● What the task requires
In the records below, find the line that contains "a row of tents" and the line that contains "Gold Sunglasses For Summer". Set down exactly those lines and every line between them, and nothing more.

● Data
[Start of section]
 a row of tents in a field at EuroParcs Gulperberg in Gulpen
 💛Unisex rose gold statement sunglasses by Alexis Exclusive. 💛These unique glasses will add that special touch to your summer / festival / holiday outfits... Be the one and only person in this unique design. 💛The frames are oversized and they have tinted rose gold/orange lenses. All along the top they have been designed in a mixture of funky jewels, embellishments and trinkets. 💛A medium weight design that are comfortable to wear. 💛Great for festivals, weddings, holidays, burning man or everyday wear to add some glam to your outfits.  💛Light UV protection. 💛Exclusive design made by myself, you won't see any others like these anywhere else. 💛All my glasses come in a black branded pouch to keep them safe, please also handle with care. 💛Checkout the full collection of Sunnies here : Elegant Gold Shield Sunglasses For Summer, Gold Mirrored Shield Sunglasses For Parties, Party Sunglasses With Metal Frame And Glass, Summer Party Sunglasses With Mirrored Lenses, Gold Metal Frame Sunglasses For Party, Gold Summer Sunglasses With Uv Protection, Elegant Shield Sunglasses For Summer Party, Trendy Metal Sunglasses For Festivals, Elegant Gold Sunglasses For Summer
[End of section]
[Start of section]
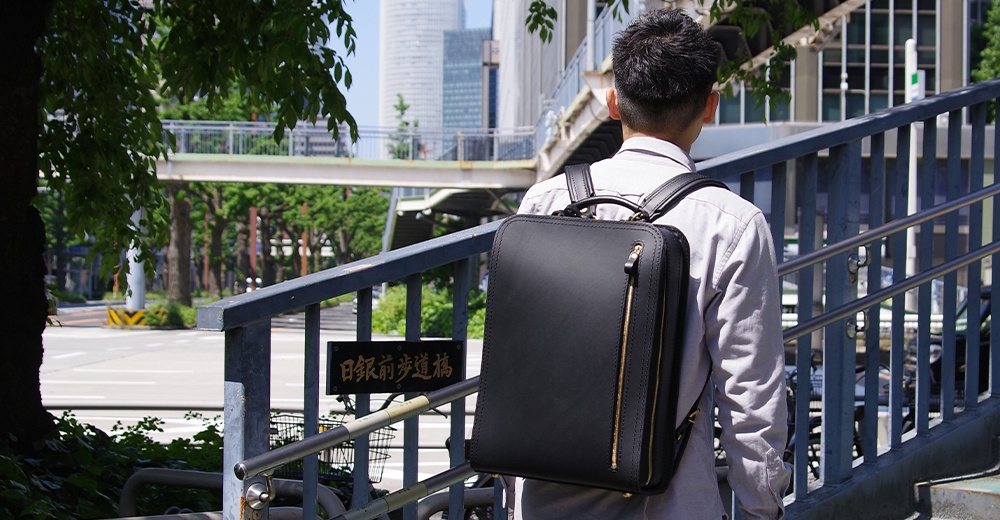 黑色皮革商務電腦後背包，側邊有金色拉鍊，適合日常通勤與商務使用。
[End of section]
● Result of this task
 a row of tents in a field at EuroParcs Gulperberg in Gulpen
 💛Unisex rose gold statement sunglasses by Alexis Exclusive. 💛These unique glasses will add that special touch to your summer / festival / holiday outfits... Be the one and only person in this unique design. 💛The frames are oversized and they have tinted rose gold/orange lenses. All along the top they have been designed in a mixture of funky jewels, embellishments and trinkets. 💛A medium weight design that are comfortable to wear. 💛Great for festivals, weddings, holidays, burning man or everyday wear to add some glam to your outfits.  💛Light UV protection. 💛Exclusive design made by myself, you won't see any others like these anywhere else. 💛All my glasses come in a black branded pouch to keep them safe, please also handle with care. 💛Checkout the full collection of Sunnies here : Elegant Gold Shield Sunglasses For Summer, Gold Mirrored Shield Sunglasses For Parties, Party Sunglasses With Metal Frame And Glass, Summer Party Sunglasses With Mirrored Lenses, Gold Metal Frame Sunglasses For Party, Gold Summer Sunglasses With Uv Protection, Elegant Shield Sunglasses For Summer Party, Trendy Metal Sunglasses For Festivals, Elegant Gold Sunglasses For Summer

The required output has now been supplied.